Monday, 11 June 2012

The Moment



In the end it was a C-section. So we had to be at the hospital for at least five days for recovery, but it ended up being six because of the issues we had with breastfeeding. I, like many other women, wanted to give it my all in the breastfeeding department for many of the positive reasons out there. Being that most members of my immediate family and circle of friends (yes, this is sad) were very uncomfortable with the idea of breastfeeding, this determination of mine was very isolated. So my mission to breast feed and recover was a difficult journey and one that I want to share with you.

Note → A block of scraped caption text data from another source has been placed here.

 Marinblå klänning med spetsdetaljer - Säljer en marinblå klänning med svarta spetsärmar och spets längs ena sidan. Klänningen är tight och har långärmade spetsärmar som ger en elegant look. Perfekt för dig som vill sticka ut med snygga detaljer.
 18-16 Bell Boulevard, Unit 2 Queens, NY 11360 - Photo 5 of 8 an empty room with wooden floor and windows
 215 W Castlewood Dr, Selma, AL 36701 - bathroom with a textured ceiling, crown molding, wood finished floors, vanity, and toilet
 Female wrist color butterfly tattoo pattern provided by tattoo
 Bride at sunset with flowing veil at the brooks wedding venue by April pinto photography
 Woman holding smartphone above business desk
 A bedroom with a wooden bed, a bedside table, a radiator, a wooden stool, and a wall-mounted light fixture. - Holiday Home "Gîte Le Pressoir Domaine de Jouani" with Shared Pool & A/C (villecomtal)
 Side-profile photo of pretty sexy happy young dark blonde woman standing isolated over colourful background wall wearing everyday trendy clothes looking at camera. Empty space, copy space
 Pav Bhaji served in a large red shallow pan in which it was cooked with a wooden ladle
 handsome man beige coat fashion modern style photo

This is how I spent those six days after Lo was born:
• Grabbing my nipples.
• Squeezing my nipples and my son’s head simultaneously.
• Almost strangling my little one.
• Almost dropping my little one. Many times.
• Holding my arms at a 90 degree angle for hours.
• Attending numerous breastfeeding clinics.
• Trying out all the crazy external contraptions meant to assist in breastfeeding.
• Throwing the contraptions across the room.
• Milking...literally, with the support of a machine. (Disgusting!)
• Being naked from the waist up for most of the day.
• Yelling at the nurses to stop giving me conflicting advice.
• Giving nasty glares to a very inexperienced nurse who kept asking me, “Are you afraid to
go home?”
• Drinking a crap load of water, or any fluids (while dying for a glass of wine).
• Barely eating, because hospital food is sooo terrible.
• Barely sleeping, because we opted out of the private room. (Next time we will pay the
extra!)
• Sleeping in a very short hospital bed, with my partner stuck sleeping in a chair.
• Sitting or lying in a number of positions in the hopes of finding a comfortable one.
• Being unable to walk for at least four of those days.
• Popping very weak pills for pain.
• Fighting with my partner — in front of my parents (we were all crying by the end).
• Actually telling my partner, “You don’t have nipples so you don’t know what you’re
talking about” when he attempted to give me advice.
• Contemplating why the hell we started this whole thing in the first place.
• Thanking my sister and wondering what I would have done if she had not been there.
• Crying — both happy and sad.
• Feeling disappointed that I did not get to hold my baby on my chest after the birth.
• Feeling proud of myself.
• Feeling proud of my partner for not falling to the ground when he saw my opened belly.
• Wondering who my little boy will be.

Within the chaos and blur there was a moment of clarity and peace that gave me the courage
and confidence to realize that everything would eventually be okay. It was the morning of our
last day at the hospital. I was exhausted, I had still not mastered breastfeeding, Lo was still
losing weight, the nurses were as confusing as ever, the lactation consultant was away, and I was scared to go home (that nurse was right).

It was about five in the morning, my partner had passed out in the chair beside the bed, and
a nurse came in and encouraged me to lay Lo on my chest so he could sleep and I could
lie down and rest. (Finally some good advice.) As I lay there all cozy with my new family, I
experienced this overwhelming feeling of calm. I looked out the window and noticed the sun
peeking between the buildings. An angelic stream of light shone through, and in that moment I had a feeling that everything was going to be okay: I will make it through, and we as a family will be okay.

And then we slept for five blissful hours.